= Mondseer =

Austrian cheese

Mondseer, also known as Mondseer Schachtelkäse (English: Mondseer box cheese) when sold in smaller portions in "small wooden boxes", is an Austrian semi-hard, washed-rind cheese.

==History==
There are varying accounts of Mondseer's origin. It has been stated that the cheese has been existent in the Salzburg area since 1818, with a likelihood that it may have been first produced in the Castle of Hüttenstein. According to this account, the cheese's name of "Mondseer" was first used in 1955, and prior to that was simply referred to as "box cheese".
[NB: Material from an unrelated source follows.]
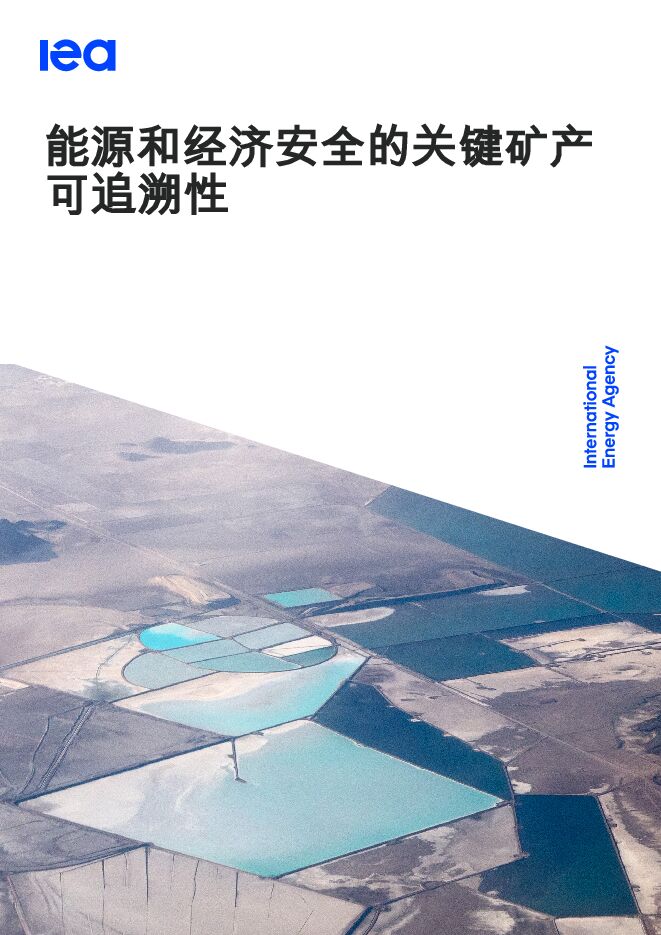 能源和经济安全的关键矿产可追溯性.pdf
Another account holds that production of Mondseer began in 1830, and that it was named after the monastery in Mondsee, Austria.

==Description==
Mondseer is a disk-shaped cheese made from pasteurized whole or part-skim cow's milk. It is a semi-hard semi-hard cheese with a smooth and creamy texture and slotted holes, similar to Munster cheese or Limburger. The surface is brushed by hand with salt water and smeared with red cultures during the aging process, which results in a yellow-reddish rind forming on its surface. Its maturation takes three to six weeks, and its fat content is 45%. It has a mild to slightly pungent aroma and a sweet and sour, somewhat acidic and sharp flavor. Usually, cheeses of one kilogram are produced.